Serrins’s paper offers a good and clear summary of the New Urbanism. He identifies compact urban form, community character development, and transportation as the three “foundational” themes of the movement and breaks these down into principles that are on-target and fairly comprehensive.

In addition to the six cities that included all of the principles, two more included substantially all of the principles. “For these eight cities—Dallas, Austin, Fort Worth, El Paso, Plano, and Irving, Garland, and San Antonio, New Urbanism is a driving force in planning,” the author reports. Entire sections of the comprehensive plans in several of these cities read as though they were taken directly from NU literature, he writes. Plan El Paso goes as far as to include the Charter of the New Urbanism in one of its appendices.

The bottom line is that as of 2014, large Texas cities strongly endorsed new urbanist principles—except for Houston, Lubbock, Laredo, Corpus Christi, and Arlington. Of these, Lubbock, Laredo, and Corpus Christi all had plans that pre-dated the founding of CNU. Arlington’s plan was adopted in parts over many years, and Houston, as reported, had no plan at all.  
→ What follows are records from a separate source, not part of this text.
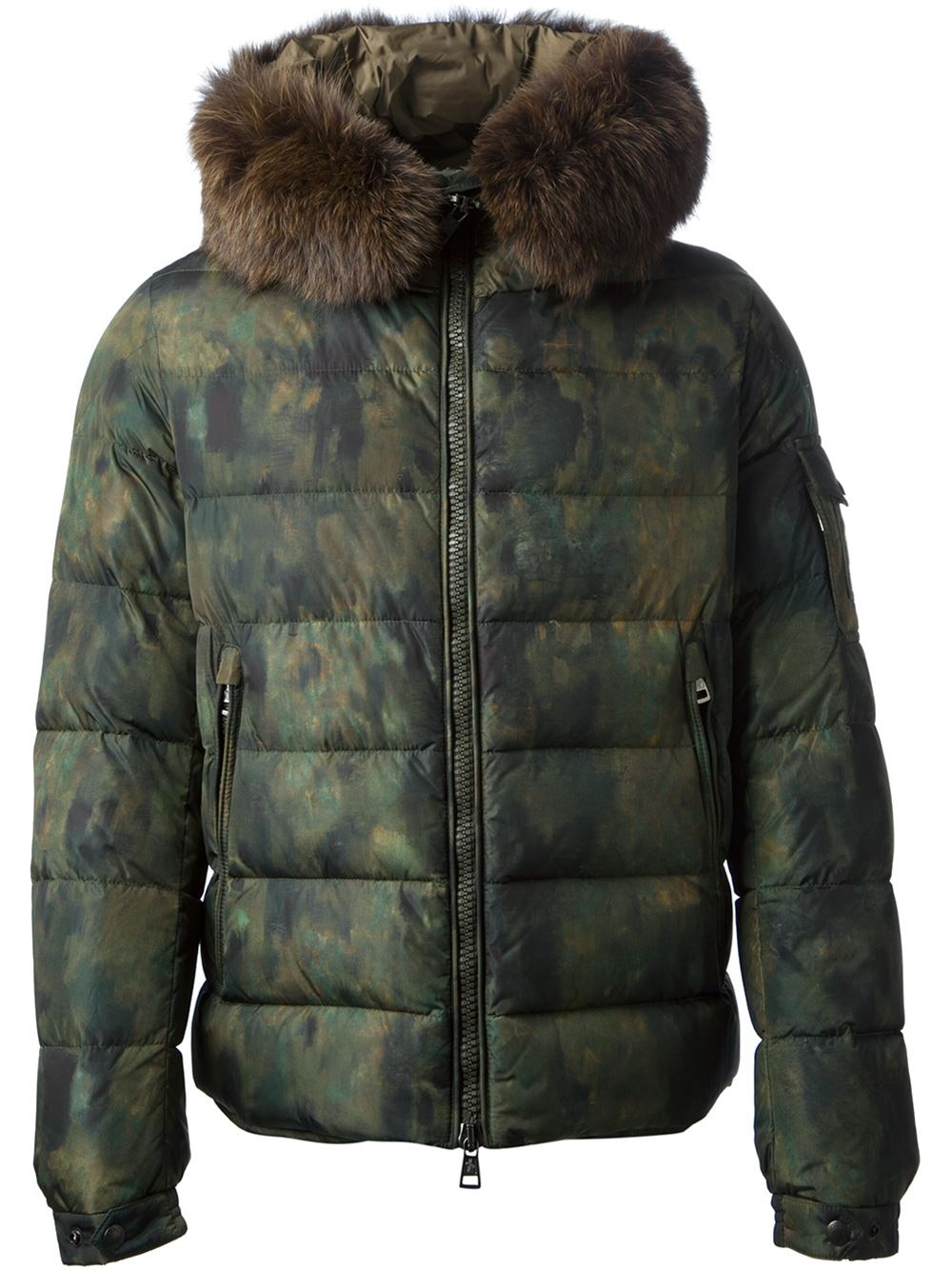 moncler Green moncler Green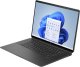 Laptop HP Laptop 2w1 HP SPECTRE x360 16-aa0023dx / 975R9UA / Intel ultra 7 / 32GB / SSD 2TB /  NVIDIA RTX 4050 / 2.8K / Dotyk / Win 11 Pro 5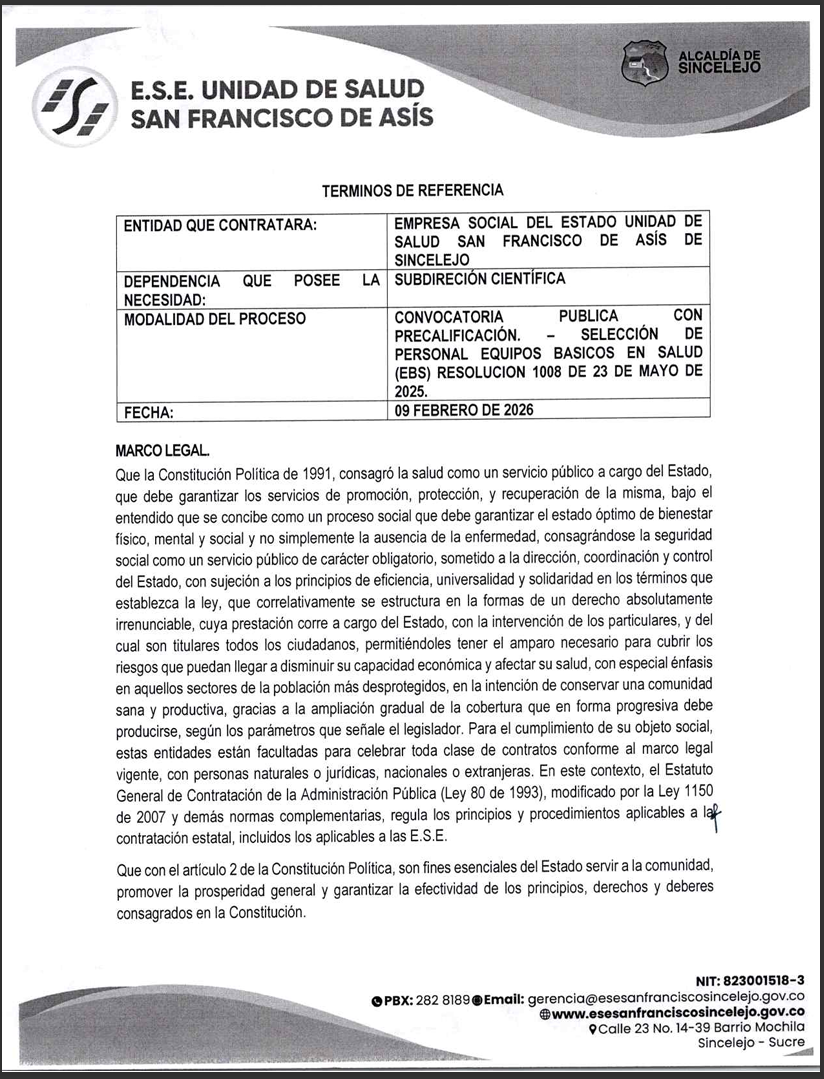 Noticia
Since 2014, all five of these cities have adopted comprehensive plans, including Houston. While I did not use the extensive methodology that Serrins describes in his paper, my conclusion is that every one of these new plans is shot through with the principles of New Urbanism—making Texas 13 for 13.

Texas is fairly laisse faire about planning—cities are not required to even have a comprehensive plan, for example. Therefore, the adoption of new urban principles as foundational ideas in urban planning is entirely voluntary and significant. Serrins attributes the widespread adoption of New Urbanism to planning education. “With a full generation of planning graduates indoctrinated with principles of that define New Urbanism and staffing local planning departments, city plans are replete with these eleven principles.”

And yet popularity among planners alone is not enough to explain the New Urbanism taking over city planning in Texas. Citizens, developers, land owners, design practitioners, and public officials also needed to embrace these principles—otherwise they would not have been willingly adopted in comprehensive plans by local authorities.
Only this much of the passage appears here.